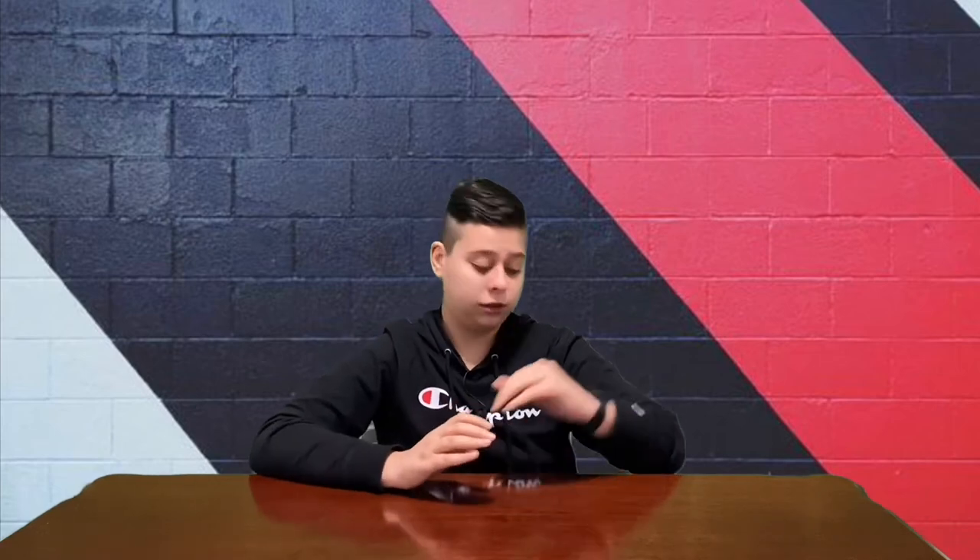What's up guys, welcome back to the channel. Today I have the 11 inch iPad Pro with 128 gigabytes of storage capacity and I haven't unboxed it yet, so let's begin.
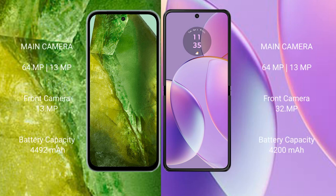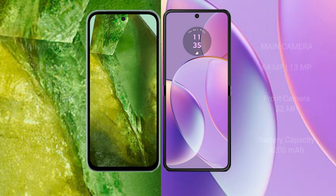Google Pixel 8a has a dual rear camera setup: 64MP plus 13MP, and a 13MP front camera. Motorola Razr 40 has a dual rear camera setup: 64MP plus 13MP, and a 32MP front camera. Google Pixel 8a has a 4492mAh battery with 18W fast charging support. Motorola Razr 40 has a 4200mAh battery with 30W fast charging support.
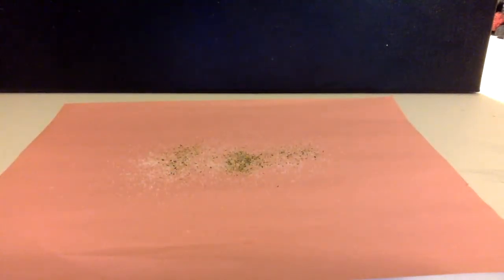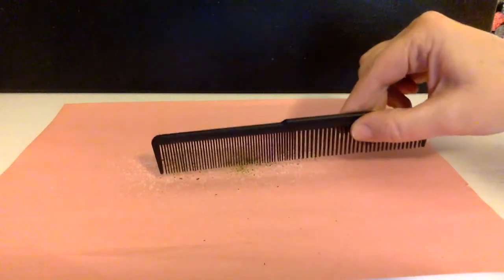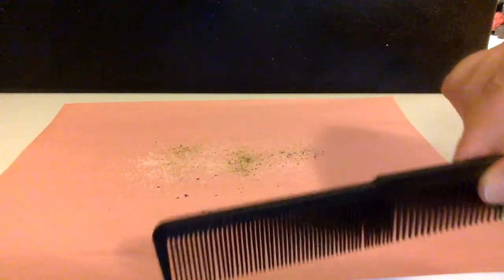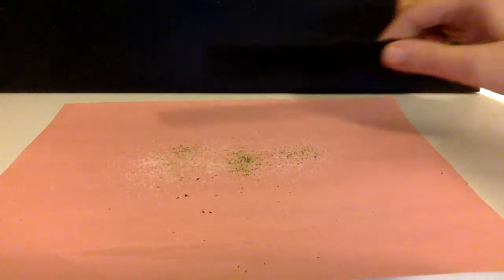Are you ready? Here we go. Watch carefully — look at the comb. See how that pepper is standing up and it's sticking to my comb? I'll do it one more time. Let me shake some of this pepper out so my hair doesn't make me sneeze later. And I'll show you again.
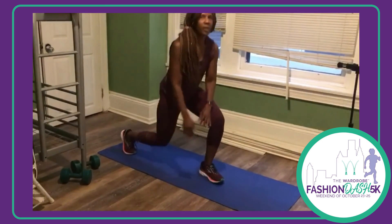That's our three exercises this week for strength training. Thanks, have a good run.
☆ ☆ ☆ ☆
▶ **YOUR TASK**:
The full material above must be output verbatim, minus any pictures.

▶ **SOLUTION BELOW**:
What's up guys, welcome back to the channel. Today I have the 11 inch iPad Pro with 128 gigabytes of storage capacity and I haven't unboxed it yet, so let's begin.
Google Pixel 8a has a dual rear camera setup: 64MP plus 13MP, and a 13MP front camera. Motorola Razr 40 has a dual rear camera setup: 64MP plus 13MP, and a 32MP front camera. Google Pixel 8a has a 4492mAh battery with 18W fast charging support. Motorola Razr 40 has a 4200mAh battery with 30W fast charging support.
Are you ready? Here we go. Watch carefully — look at the comb. See how that pepper is standing up and it's sticking to my comb? I'll do it one more time. Let me shake some of this pepper out so my hair doesn't make me sneeze later. And I'll show you again.
That's our three exercises this week for strength training. Thanks, have a good run.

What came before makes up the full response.